Bab 14

4K 401 39
                                    

Pagi itu Ais datang ke kantor dengan sedikit lesu. Rasa-rasanya hanya ia yang tampak lesu karena begitu memasuki ruangan, para staf sedang sibuk membicarakan event running nanti sore.

Kemarin malam Dona sudah mengirim pemberitahuan di grup kantor bahwa sore nanti jam setengah lima, akan diadakan event running yang juga akan dihadiri oleh Nirvan Nadipati. Bagi yang ingin berpartisipasi, sudah harus siap di lobi pada pukul empat dan mereka akan mulai lari jam setengah lima. Dalam rangka memeriahkan festival budaya Bank Nasional, selama satu bulan ke depan akan diadakan beberapa event club budaya yang selama ini sudah terbentuk.

Seperti biasa, Ais tidak bersemangat mengikuti acara-acara kantor. Apalagi hari ini suasana hatinya sedang tidak begitu baik. Semalam, diam-diam ia meneteskan air mata saat menemani anak-anaknya pergi tidur. Kedua matanya menjelang perih ketika menatap wajah pulas Kenan dan Shakila. Pengakuan Yuni yang sedang hamil, membuat hatinya sedikit terguncang meski sebenarnya hal itu pasti terjadi.

Bukannya ia masih mencintai Galih, Ais yakin rasa itu sudah punah. Melainkan kenyataan bahwa ia bisa hidup tanpa Galih, tetapi tidak dengan kedua anaknya. Semalam anak-anaknya masih merengek ingin bicara dengan Galih, ia kelepasan marah karena Kenan dan Shakila ngotot ingin video call dengan Galih. Ia berakhir marah dengan nada tinggi, dan membuat anak-anaknya meneteskan air mata.

Semalam sesalnya kembali tumpah bersama air matanya. Kenapa ia harus lepas kontrol di hadapan anak-anaknya, yang belum sepenuhnya mengerti jika ia dan Galih sudah berpisah? Anak-anaknya tidak mengerti jika Galih lebih memilih Yuni dibanding mereka. Pasca ketahuan selingkuh, Galih memang mengaku salah. Namun, tidak sekali pun Galih memperjuangkan keluarganya.

"Aku jatuh cinta lagi.  Aku sayang dia. Maaf."

Kalimat pahit yang pernah terucap dari bibir Galih itu tidak pernah bisa ia lupakan.
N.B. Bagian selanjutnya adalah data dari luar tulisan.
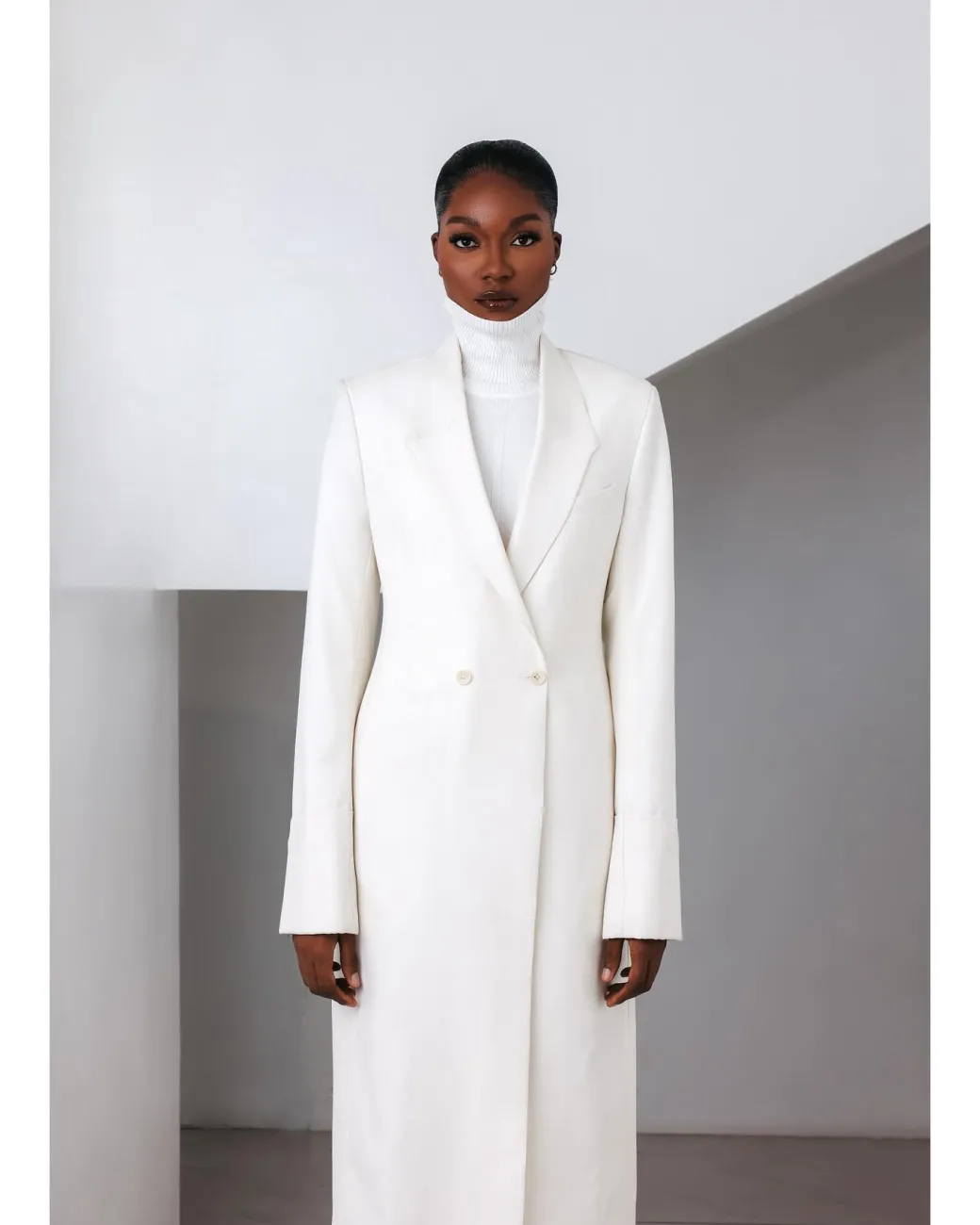 An Ivory White, Closed Notch Double-Breasted Suit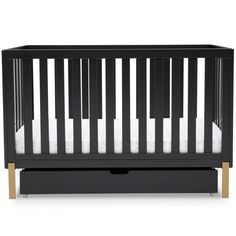 a black crib with white sheets and gold trim on the bottom half, in front of a white background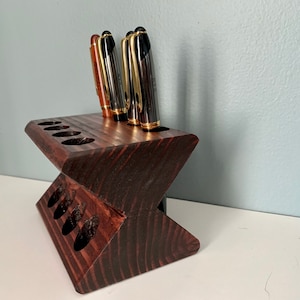 May include: A dark brown wooden pen holder with eight slots for pens. The holder is shaped like a V and has a dark wood grain.
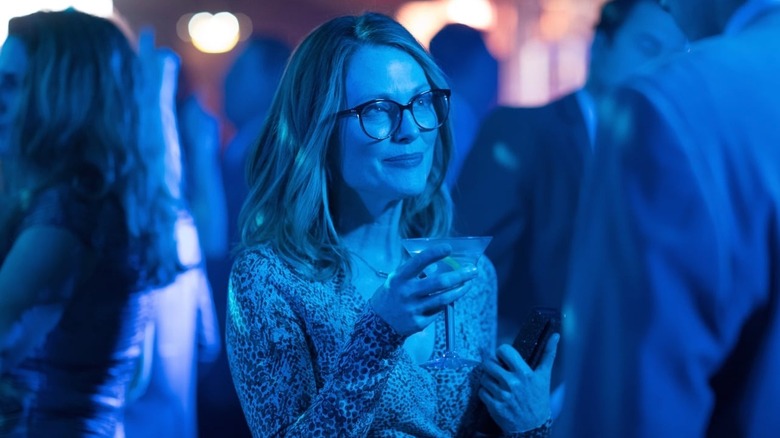 Gloria holds a martini glass in "Gloria Bell" (2018)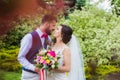 Happy just married couple kissing in green garden Royalty Free Stock Photo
Pantas Galih jadi jarang pulang. Padahal, mereka LDR Surabaya-Jember. Seharusnya Galih bisa pulang di setiap akhir pekan. Namun Galih selalu beralasan harus lembur di kantor.

Rupanya di Jember, Galih punya wanita lain. Sebenarnya firasat itu sudah ada jauh sebelum perselingkuhan itu terkuak. Dua bulan setelah pindah ke Jember, Galih menjadi semakin perhitungan soal nafkah. Saat itu Ais berusaha mengerti karena sejak hidup terpisah, mereka harus membiayai dua dapur. Akan tetapi, semakin lama Galih semakin pelit.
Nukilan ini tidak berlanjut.